WHAT THE EXERCISE ASKS
Your answer should be the records, copied exactly, with the pictures removed.
──────────────────────────────
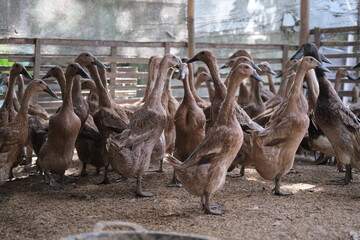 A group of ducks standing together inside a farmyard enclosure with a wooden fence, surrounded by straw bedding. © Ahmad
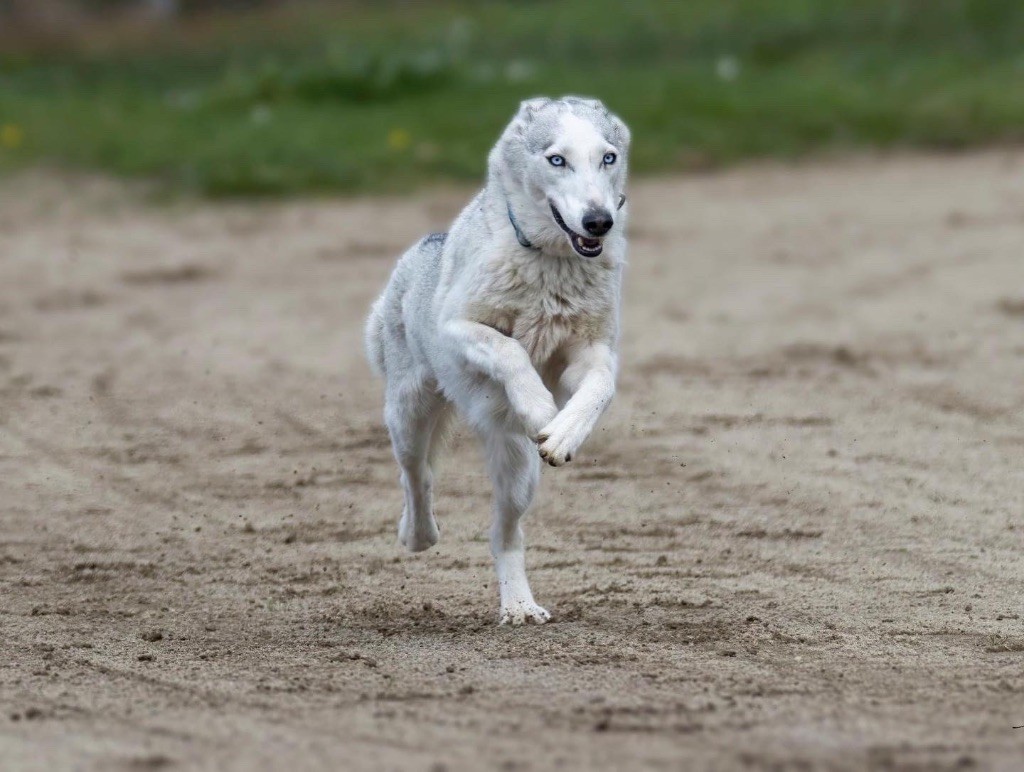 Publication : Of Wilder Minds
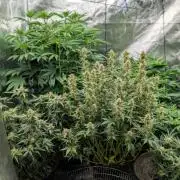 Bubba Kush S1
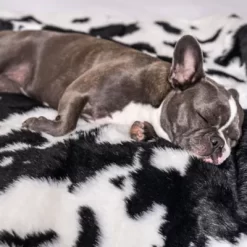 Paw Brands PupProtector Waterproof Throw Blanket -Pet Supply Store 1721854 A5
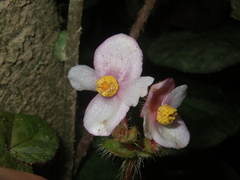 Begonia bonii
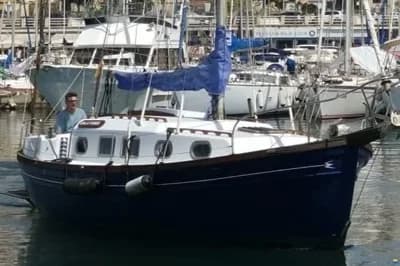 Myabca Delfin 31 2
──────────────────────────────
ANSWER BOX
 A group of ducks standing together inside a farmyard enclosure with a wooden fence, surrounded by straw bedding. © Ahmad
 Publication : Of Wilder Minds
 Bubba Kush S1
 Paw Brands PupProtector Waterproof Throw Blanket -Pet Supply Store 1721854 A5
 Begonia bonii
 Myabca Delfin 31 2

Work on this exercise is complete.